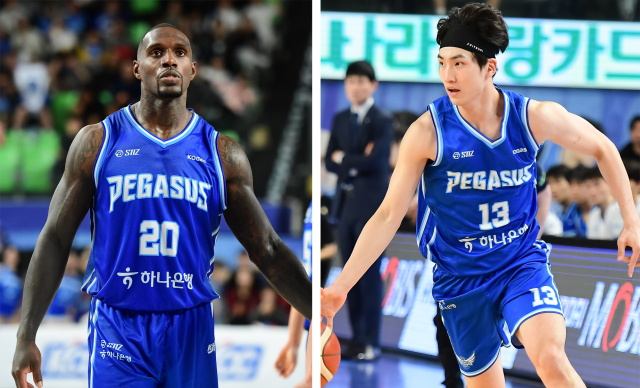 프로농구 대구 한국가스공사 페가수스의 라건아(왼쪽)와 김민규. KBL 제공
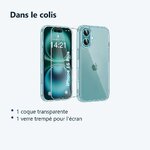 Contenu du colis – Coque Silicone Transparente + Verre Trempe Pour iPhone 16 Plus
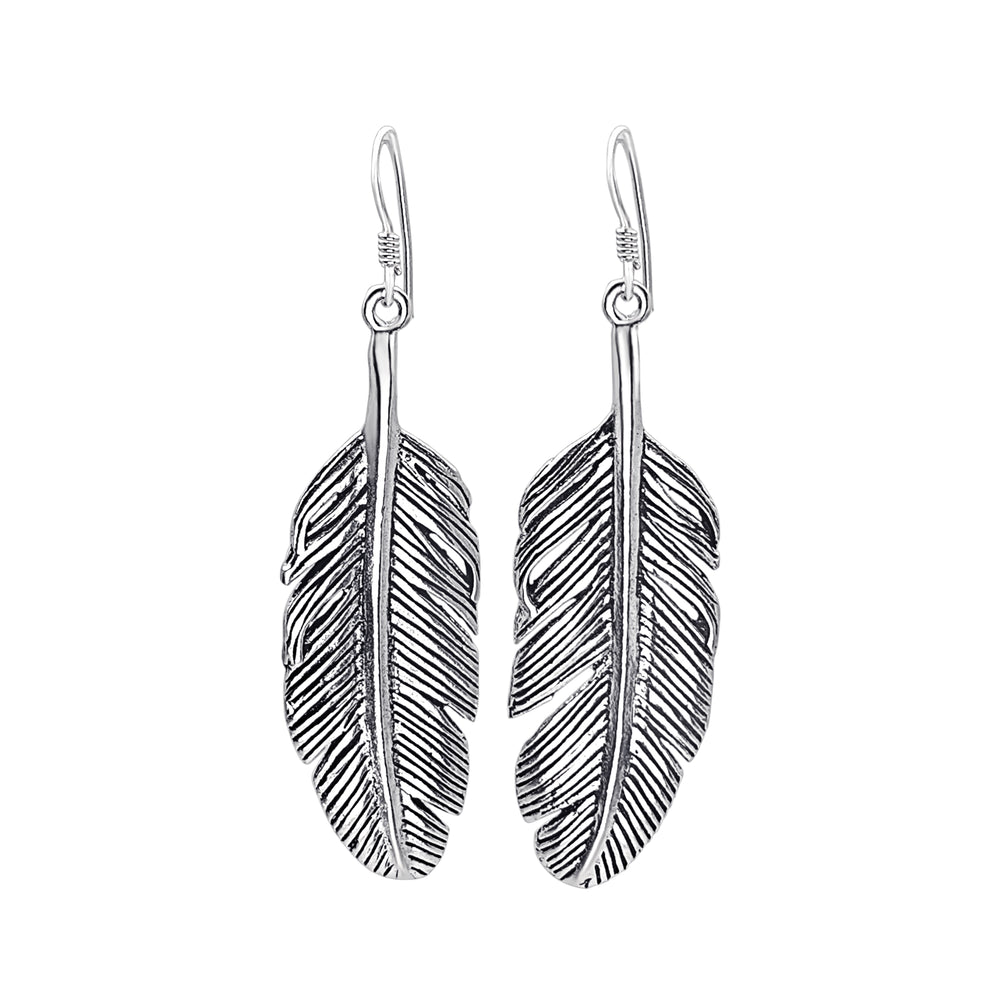 Sterling Silver Large Textured Feather Dangle Earrings - Silverly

WHAT THE EXERCISE ASKS: Output all data exactly, omitting images.

ANSWER SPACE:
 프로농구 대구 한국가스공사 페가수스의 라건아(왼쪽)와 김민규. KBL 제공
 Contenu du colis – Coque Silicone Transparente + Verre Trempe Pour iPhone 16 Plus
 Sterling Silver Large Textured Feather Dangle Earrings - Silverly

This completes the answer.